● **Entries supplied**
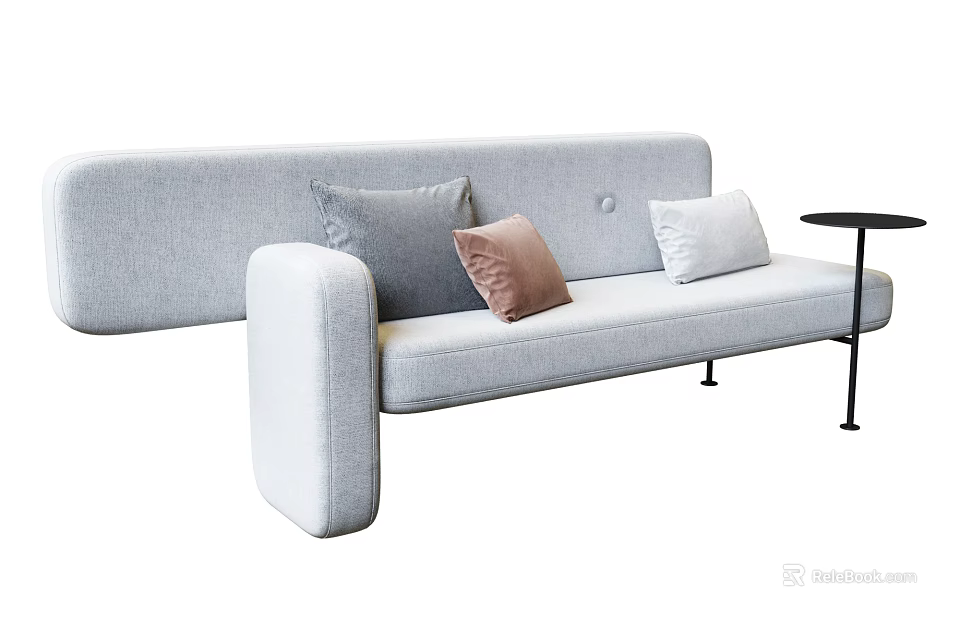 Comfortable Gray Multi Seater Sofa with Soft Pillows and Black Side Table 3d model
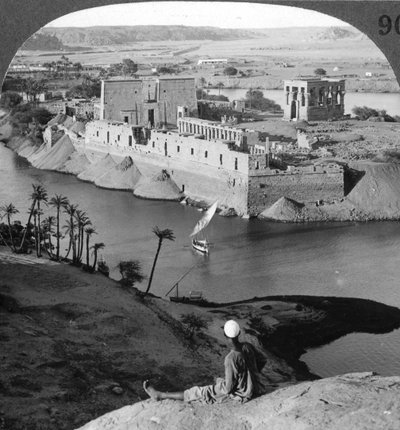 Looking down on the island of Philae and its temples, Egypt, 1905 by Underwood and Underwood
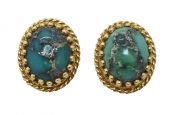 Modern Nephrite Jade Stud Earrings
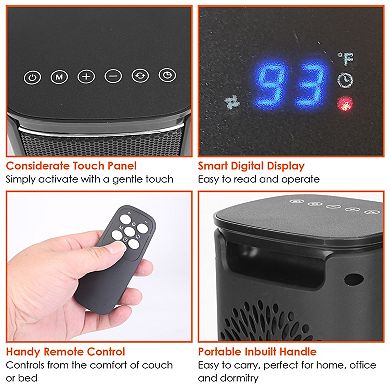 1500W Electric Space Heater, Ceramic Oscillating Fan with Remote & Safety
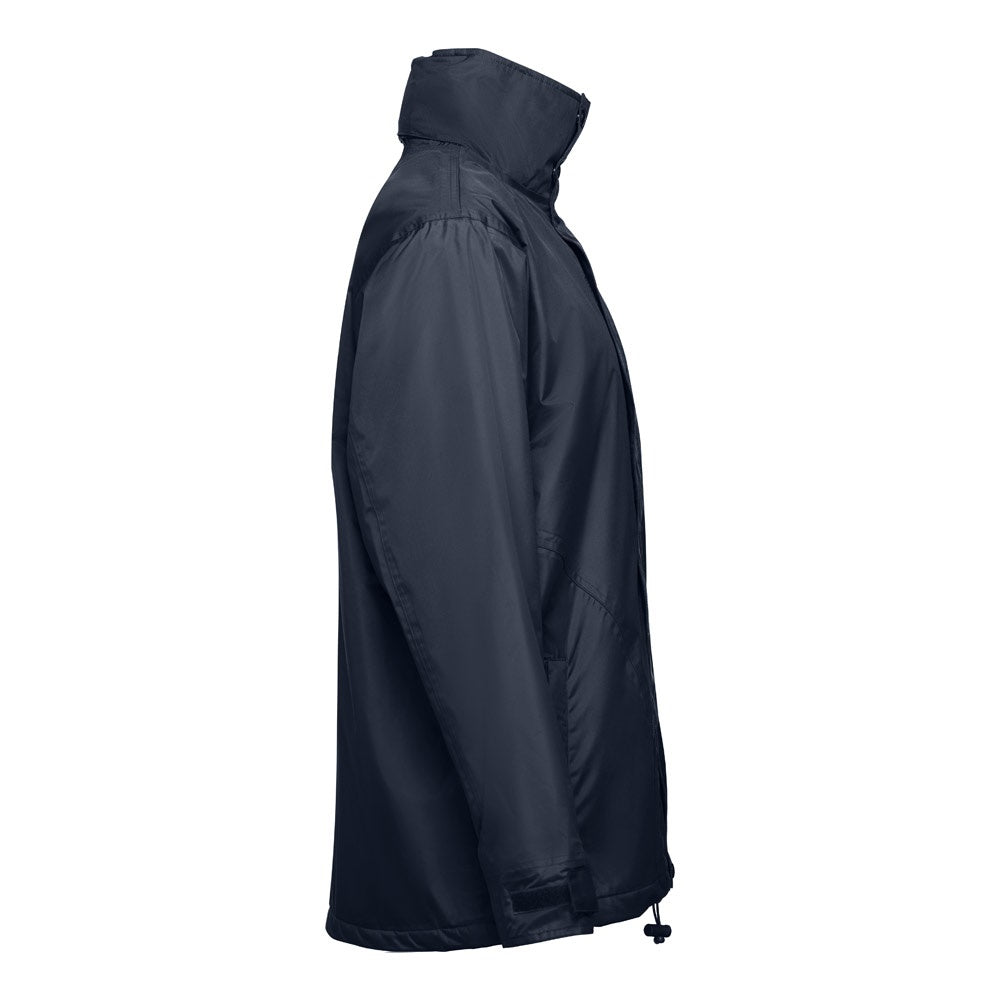 THC LIUBLIANA promotional jacket in navy blue (detail view) with custom logo branding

● **Action item**
Give again, word for word, each line from the one holding "Modern Nephrite Jade Stud Earrings" through the end of the entries, and leave out any picture.

● **Solution to the exercise**
 Modern Nephrite Jade Stud Earrings
 1500W Electric Space Heater, Ceramic Oscillating Fan with Remote & Safety
 THC LIUBLIANA promotional jacket in navy blue (detail view) with custom logo branding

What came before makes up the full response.